The brands flocking to the Indie Beauty Shop bet it will improve their chances of being seen by Amazon’s enormous customer base. “It’s good to be there to have more exposure and reach,” says Ebru Karpuzoglu founder of AveSeena, a skincare brand scheduled to launch soon on the Indie Beauty Shop. “My brand is still a baby. It’s 14-months-old and, to be honest, I was afraid that, if I got on Amazon, we were going to get lost in all the brands there. There are tons of brands, what kind of exposure would we have?
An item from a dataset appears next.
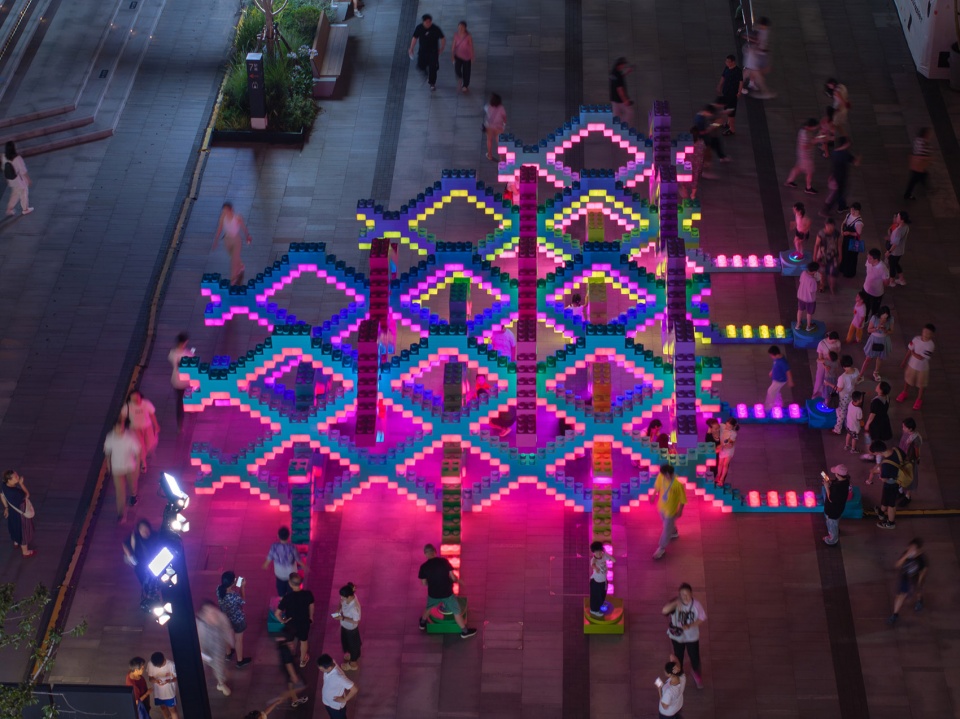 woven playground public art installation by saxing jizi design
But, with the Indie Beauty Shop, I think they’re going to show extreme care and help the brands to make the platform perform on Amazon.”

Amazon indie beauty shop 2
Amazon is showcasing indie beauty brands at the Indie Beauty Shop within Amazon Marketplace, where brands sell directly to consumers.

Celeste Bernabe, co-founder of Wake Up To Beauty, owner of Level Naturals and Das Boom Industries, brands sold on the e-commerce giant by third-party intermediary Maxton and Co. and possibly headed to the Indie Beauty Shop, believes the shop may foster beauty product discovery, not typically a strength at Amazon, where customers tend to search for specific items. “People will go to the Indie Beauty Shop to learn about products and figure out the ones that are best for them, and people that know and love a brand will go to Amazon [without employing the indie platform],” she says. “It’s two different customers, and we want to be able to talk to both.”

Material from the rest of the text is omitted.